1.having, showing, or indicating profound wisdom.“they nodded in agreement with these sage remarks”
wise, learned, clever, intelligent, having/showing great knowledge, knowledgeable, sensible, intellectual, scholarly, sagacious, erudite.
discerning, judicious, canny, penetrating, perceptive, acute, astute, shrewd, prudent,
thoughtful, insightful, percipient, perspicacious, philosophical, profound, deep.
“Clairvoyant” isn’t a word I would select, for that which is perceive is not a feeling or a sense that stems from reading tea leaves, holding runes, or examining palms.
Mine came with the package. It’s an instinct.
The word I’ve always used is “premonition”.
There are some that would call it a “sixth sense”; that which reaches far beyond touch, sight, hearing, tasting, and smelling. This state of being is intangible, impossible to explain, cannot be learned or shared, and is virtually impossible to explain.

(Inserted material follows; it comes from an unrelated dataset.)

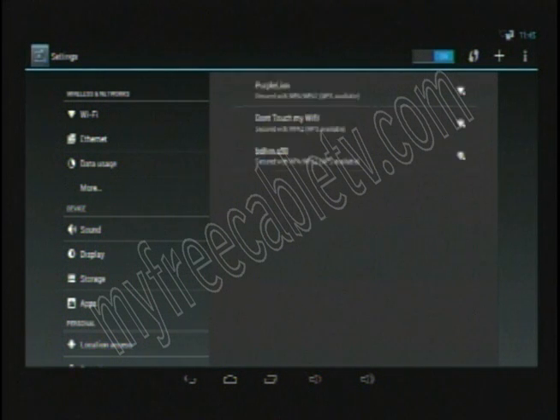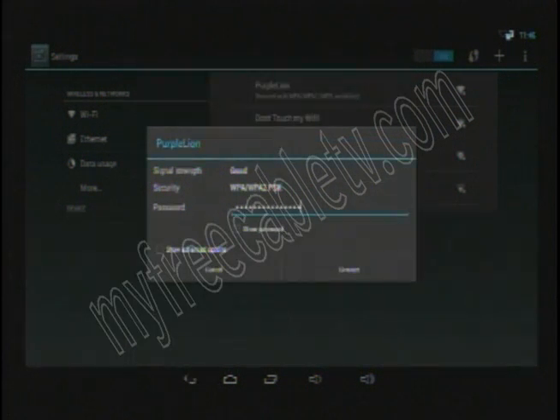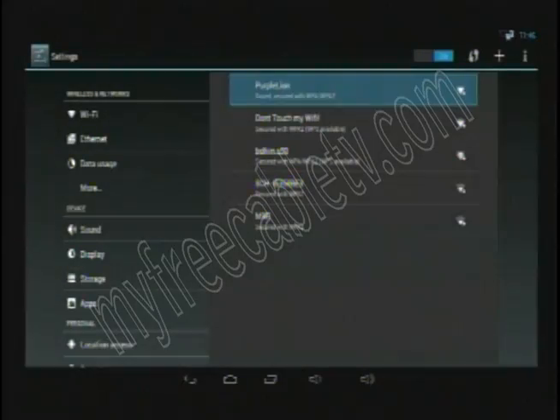Move down to my Wi-Fi network — Purple Lion — and enter your password. Then go down and hit Connect. And now I'm connected — that's all it takes to connect your Wi-Fi.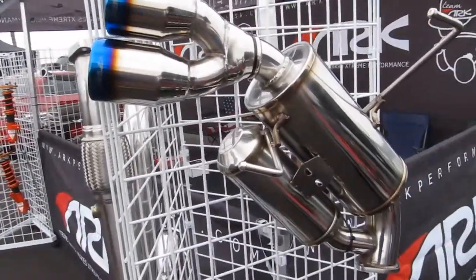Hi, my name is Mike and I'm from Art Performance. We're here at Subaru Summer Solstice today and I'm just going to walk you through and go over our products that we have.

The first instance in my life I can recall being aware of my ability to “feel” something coming, my gift for perceiving an event or a person, was when I was eight years old…or there ’bouts.

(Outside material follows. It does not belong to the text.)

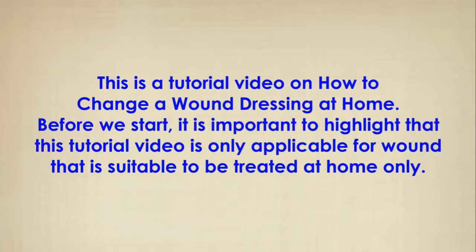This is a tutorial video on how to change a wound dressing at home. Before we start, it is important to highlight that this tutorial video is only applicable for wounds that are suitable to be treated at home only.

I went to bed, fell asleep, and had a dream about an elderly relative dying. I saw them lying in the casket as though I was wide awake. The next morning, I awoke to instructions to pack.
Because we had to travel to a funeral.
I’m not entirely sure what I thought about that at such a young age, but with the burden of hindsight, it’s apparent that I was born with it. And it will leave this world with me.
I’ve always been aware of something about me that I couldn’t quite encapsulate, and certainly under no circumstances to anyone else. Hell, even now as a grown adult, I couldn’t begin to put this all into discernible thoughts…at least not without someone locking me up in my own straight jacket or conducting cruel and invasive experiments on me.
On occasion, I chalk up this heightened sense of awareness – of people, places, and intuition – to the constant watch I commanded as a single mother very early in my life. Raising a child on my own required a constant and astute vigilance of everything and everyone that occupied my space.
At other times, I am convinced that this state of being is inherited, having witnessed it in older and wiser relatives that I spent time with when I was young. Even then, their presence was like an electricity that alerted me to something, though I was never able to pinpoint what was that “something”.
This sage capability seems to be woven into each and every aspect of my existence from selecting items in a grocery store to an impulse that I can physically receive from simply shaking another’s hand.
I know. I can tell. I can predict…which direction a relationship will take, what ultimate conclusion will come to people’s actions, and whether I can sustain long or short stints in a public place.
It is weird – it’s like having a crystal ball in front of me, one to look into to predict a current or very-near place or result. But the picture is fuzzy and on rare occasion, can trigger a skewed perception…at least on the face of it.
That direction I may have initially anticipated as an instruction turns out to be indeed a message, but only one that should have been heeded as a warning to run in the opposite direction.
So call it what you will – the heebie jeebies, warm fuzzies, extrasensory perception, or just plain ol’ awareness. It always ends up with me lamenting the exact same thought:
“Dammit, I hate being right all the time.”